I periodically read Transmetropolitan, and I periodically read The Invisibles. Why? Apart from their brilliance, and their capturing of a cultural zeitgeist, they both represent a viewpoint I am on board with, and something of an intellectual palate cleanse. They are both texts that more than withstand multiple readings, because they are layered, and the meaning derived from them shifts as you see them in the rearview mirror and gaze closer at it.
Some texts are alive when you read them, and some texts are not. The things that you read once and that never really breathe for you, and make you feel nothing, are the ones that you do not return to. Obviously these aren’t the same for everyone, but everyone recognises that quality in the things they love.
As an artist the desire is always to create something that achieves this affect – where it makes the leap from being something personal that the creator loves, to being something that someone outside falls in love with. It doesn’t always have to be a really huge acknowledgement either. I have finally started to draw a comic strip for the first time in years, and my wife, who I consider an excellent artist, complimented me on it – she saw it and something in it communicated to her. It’s a pretty simple thing, but that means a hell of a lot to me.
I know that one of my friends has a poem I wrote above her desk and that it inspires her – and that is magical.

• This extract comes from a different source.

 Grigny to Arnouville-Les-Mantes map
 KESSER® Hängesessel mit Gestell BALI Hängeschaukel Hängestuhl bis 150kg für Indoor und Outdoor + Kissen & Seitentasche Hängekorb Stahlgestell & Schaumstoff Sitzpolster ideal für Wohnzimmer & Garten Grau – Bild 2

I have one of my favourite writers following a few of my pages on Facebook, and when he gave me a like on a story I wrote it made my whole day.
Grant Morrison and Warren Ellis, in these texts gave me something invaluable, and there are others by them that I love just as much.
There is a re-reading of Sandman in my future too – those three are three of the big influences in my life. I know some people are worried about revealing stuff like that, in case their own work is then viewed as derivative of the influences, but I feel like, if that is the case, then you just need to step up your game.